- [How to complete this task]:
Nothing but the pictures should be left out when the entries below are duplicated.

- [Material provided]:
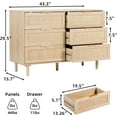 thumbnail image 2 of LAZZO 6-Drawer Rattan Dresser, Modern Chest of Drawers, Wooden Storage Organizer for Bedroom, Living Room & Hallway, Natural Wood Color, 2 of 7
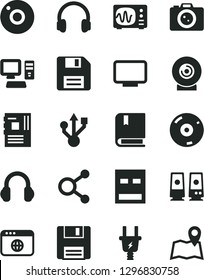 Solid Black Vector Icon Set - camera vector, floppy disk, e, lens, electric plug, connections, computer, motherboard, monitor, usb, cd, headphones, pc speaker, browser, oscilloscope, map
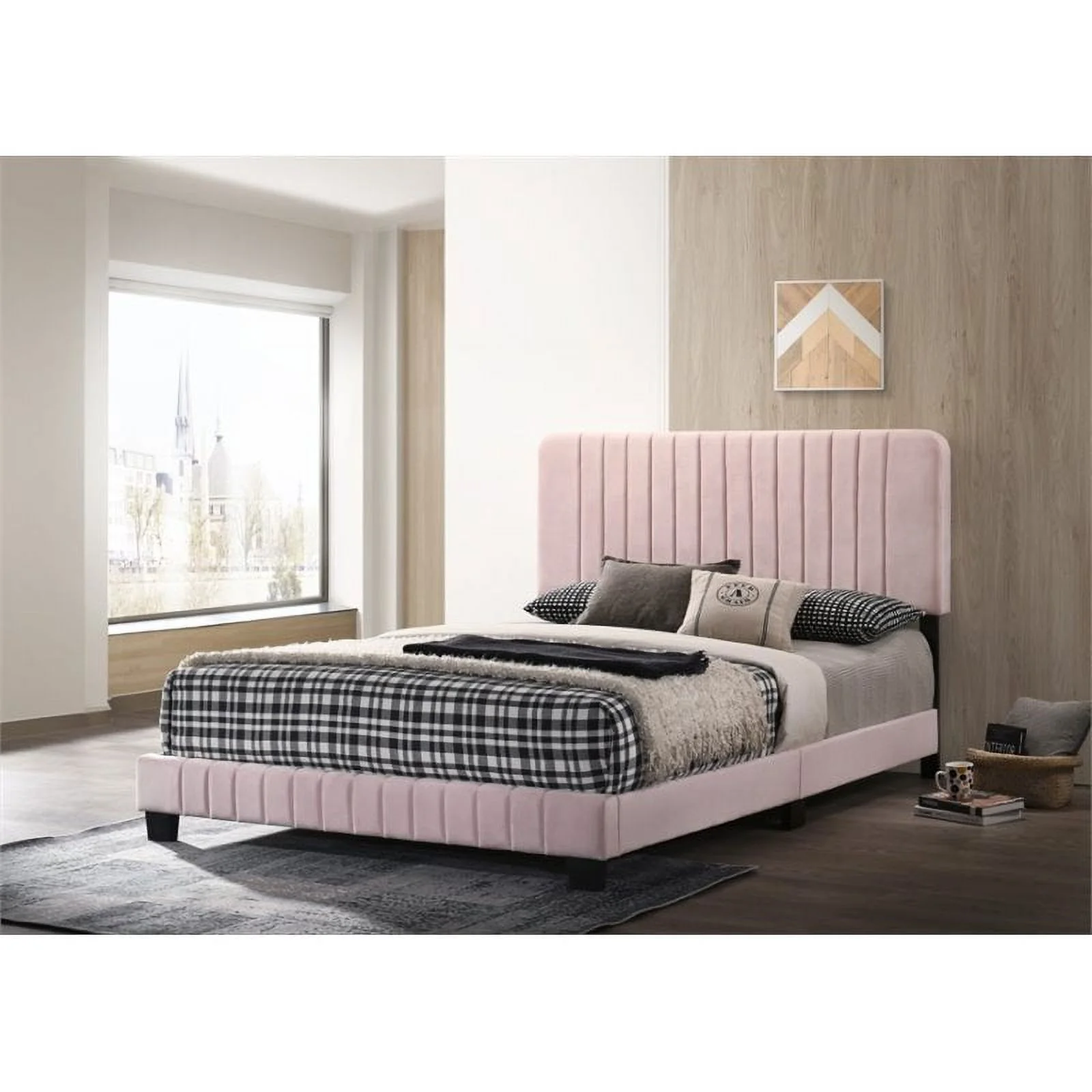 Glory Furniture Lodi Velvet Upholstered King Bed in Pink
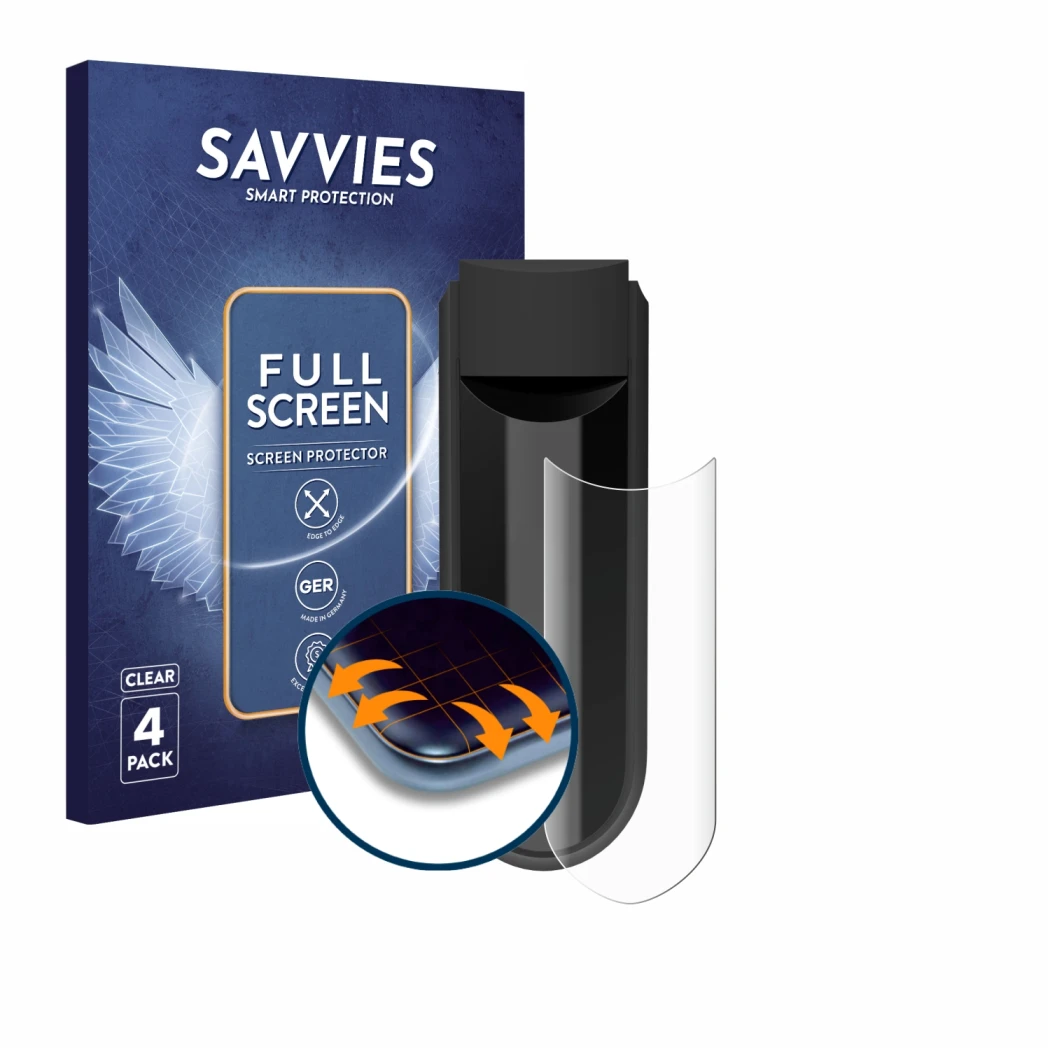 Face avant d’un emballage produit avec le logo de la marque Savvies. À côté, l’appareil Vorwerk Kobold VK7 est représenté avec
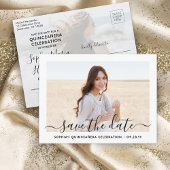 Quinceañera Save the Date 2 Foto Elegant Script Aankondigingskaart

- [Output]:
 thumbnail image 2 of LAZZO 6-Drawer Rattan Dresser, Modern Chest of Drawers, Wooden Storage Organizer for Bedroom, Living Room & Hallway, Natural Wood Color, 2 of 7
 Solid Black Vector Icon Set - camera vector, floppy disk, e, lens, electric plug, connections, computer, motherboard, monitor, usb, cd, headphones, pc speaker, browser, oscilloscope, map
 Glory Furniture Lodi Velvet Upholstered King Bed in Pink
 Face avant d’un emballage produit avec le logo de la marque Savvies. À côté, l’appareil Vorwerk Kobold VK7 est représenté avec
 Quinceañera Save the Date 2 Foto Elegant Script Aankondigingskaart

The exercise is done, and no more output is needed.